Find out which pixels in an image most influenced an image classifier's prediction to debug surprising results.
Score each word in a text input by how much it contributed to a language model's output.
Test whether your neural network has learned to associate specific human-defined concepts with its predictions using TCAV.
Debug a deployed model that is giving unexpected outputs by tracing which input features drive the bad predictions.
Requires Python 3.8+ and PyTorch 1.10+, GPU optional but recommended for large models.

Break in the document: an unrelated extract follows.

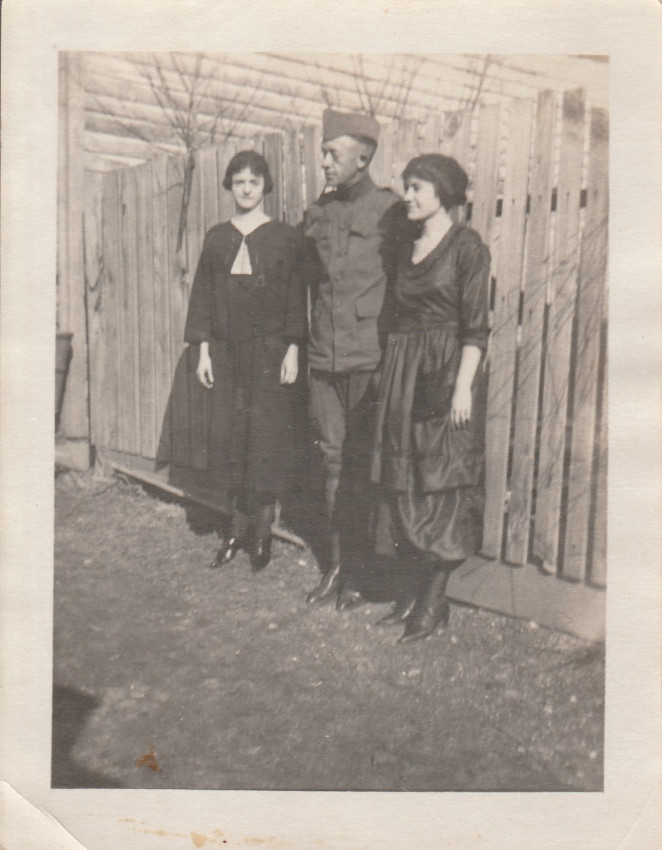 Old Unidentified McClanahan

Captum is a Python library that helps you understand why a machine learning model made a particular prediction. When a model outputs a result, such as classifying an image or recommending a product, Captum lets you ask which parts of the input, which neurons inside the network, or which training examples contributed most to that output. This is called model interpretability, and it is important both for improving models and for explaining their behavior to others. The library works with PyTorch, a widely used framework for building neural networks. You give Captum your trained model and an input, and it runs one of several attribution algorithms to produce scores indicating how much each input feature influenced the prediction. For example, on an image classification model, it might highlight which pixels most strongly pushed the model toward its chosen label. On a text model, it might score each word by its influence on the output. Captum includes several established methods for computing these attributions, including Integrated Gradients, DeepLift, SHAP-based approaches, and saliency maps. It also supports concept-based explanations through an approach called TCAV, which tests whether a model has learned to associate specific human-defined concepts with its predictions. Beyond attribution, the library includes tools for studying individual layers and neurons inside a network, and for measuring which training examples had the most influence on a given prediction. The library is intended for machine learning researchers working on interpretability methods and for engineers who have deployed models and want to debug unexpected outputs or explain predictions to end users. It integrates with domain-specific PyTorch libraries for vision and text without requiring major changes to existing model code. Installation is via pip or conda. Python 3.8 or later and PyTorch 1.10 or later are required. Tutorials and example notebooks are available in the repository. Captum is developed by Meta's PyTorch team and is currently in beta.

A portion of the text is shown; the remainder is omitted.